> BRIEF: All lines from the one containing "Cream Short Sleeve Flower Cardigan" through the end of the data below are to be repeated exactly, with pictures left out.

> DATASET EXTRACT:
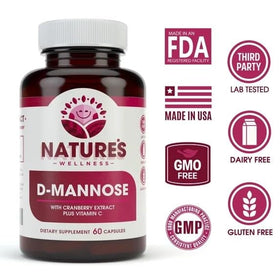 D-Mannose Natures Wellness capsules végétales sur une table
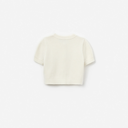 Cream Short Sleeve Flower Cardigan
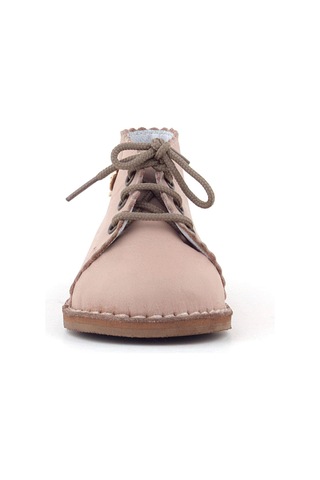 Rakerplus Handmade Hakiki Deri Pembe Çiçek Detaylı Bağcıklı Bebek Bot Pudra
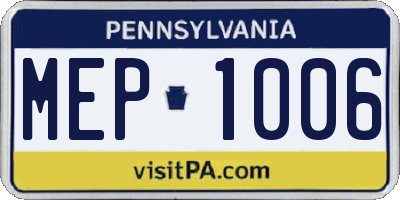 PA license plate MEP1006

> WRITTEN SOLUTION:
 Cream Short Sleeve Flower Cardigan
 Rakerplus Handmade Hakiki Deri Pembe Çiçek Detaylı Bağcıklı Bebek Bot Pudra
 PA license plate MEP1006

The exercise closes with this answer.